Se sembra il progetto di un film di fantascienza, è perché lo è quasi. Si chiama World Tech Center, e l’uomo dietro il progetto è Raphael Chryslar, un ingegnere aerospaziale che vive a Hatfield, in Inghilterra, e che aveva due anni quando le Torri Gemelle originali caddero nel 2001. Ha un tatuaggio delle Torri sul braccio.
Il progetto: le Torri Gemelle del XXI secolo
La torre nord ospiterebbe laboratori di informatica, data center AI, aule e spazi per ingegneri software e sviluppatori di videogiochi. La torre sud sarebbe dedicata alle scienze, con laboratori, uffici universitari e camere bianche per la ricerca.
Il campus includerebbe anche un mega-laboratorio di fisica e ingegneria, un laboratorio di chimica e scienze biologiche con attici, un centro per le arti performative, un atrio enorme, un’officina NASA di dieci piani, un hotel a 4 stelle e un centro commerciale sotterraneo ispirato a “2001: Odissea nello spazio.”
Il sistema di difesa aerea
La sezione più surreale del progetto è il sistema di rilevamento e neutralizzazione delle minacce aeree: radar, sensori radio e di comunicazione, e come ultima risorsa missili superficie-aria o un laser difensivo da multipli megawatt.
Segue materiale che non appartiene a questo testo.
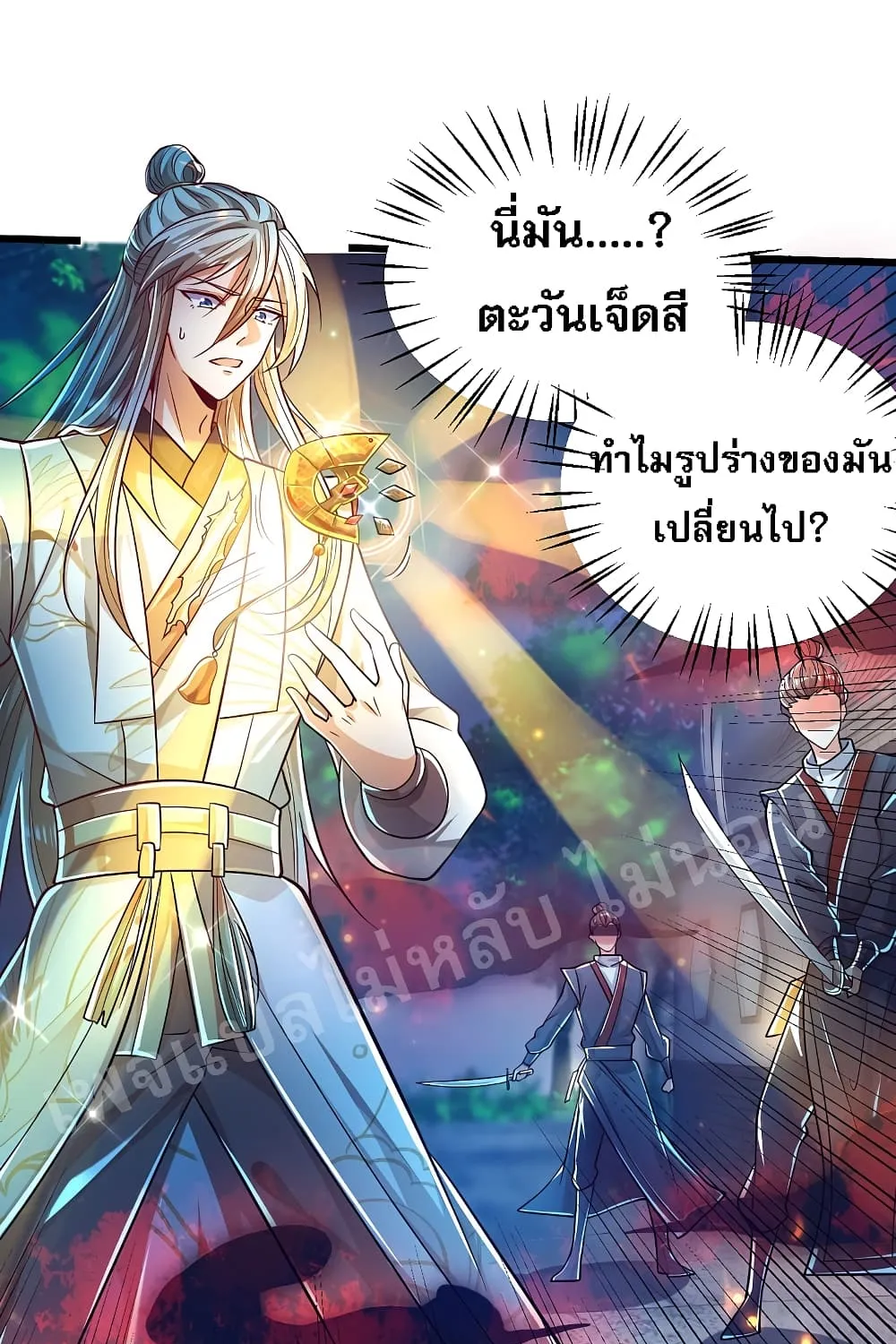 Returning the Heavenly King - หน้า 18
Chryslar vuole che le nuove torri siano a prova di qualsiasi cosa, incluso un attacco aereo.
Un edificio civile in una città americana con un sistema di difesa aerea sul tetto non esiste nella realtà attuale, e i permessi necessari per installare missili in centro a Chicago sarebbero probabilmente più complessi di qualsiasi sfida ingegneristica.
Quanto è realistico?
Chryslar ha delineato una strategia in otto fasi con apertura prevista nel 2050. Al momento il progetto è nella “fase 2”: raccolta di feedback dalla community e costituzione di una coalizione. Non è stato annunciato alcun finanziamento, non c’è alcun terreno disponibile da acquistare, non c’è coinvolgimento ufficiale della città di Chicago o di qualsiasi istituzione.
La nostra visione reincarna quel simbolo americano di pace e forza che ci è stato ingiustamente sottratto quasi 25 anni fa
, dichiara il sito del progetto. Il sentimento è comprensibile. La fattibilità è un altro discorso.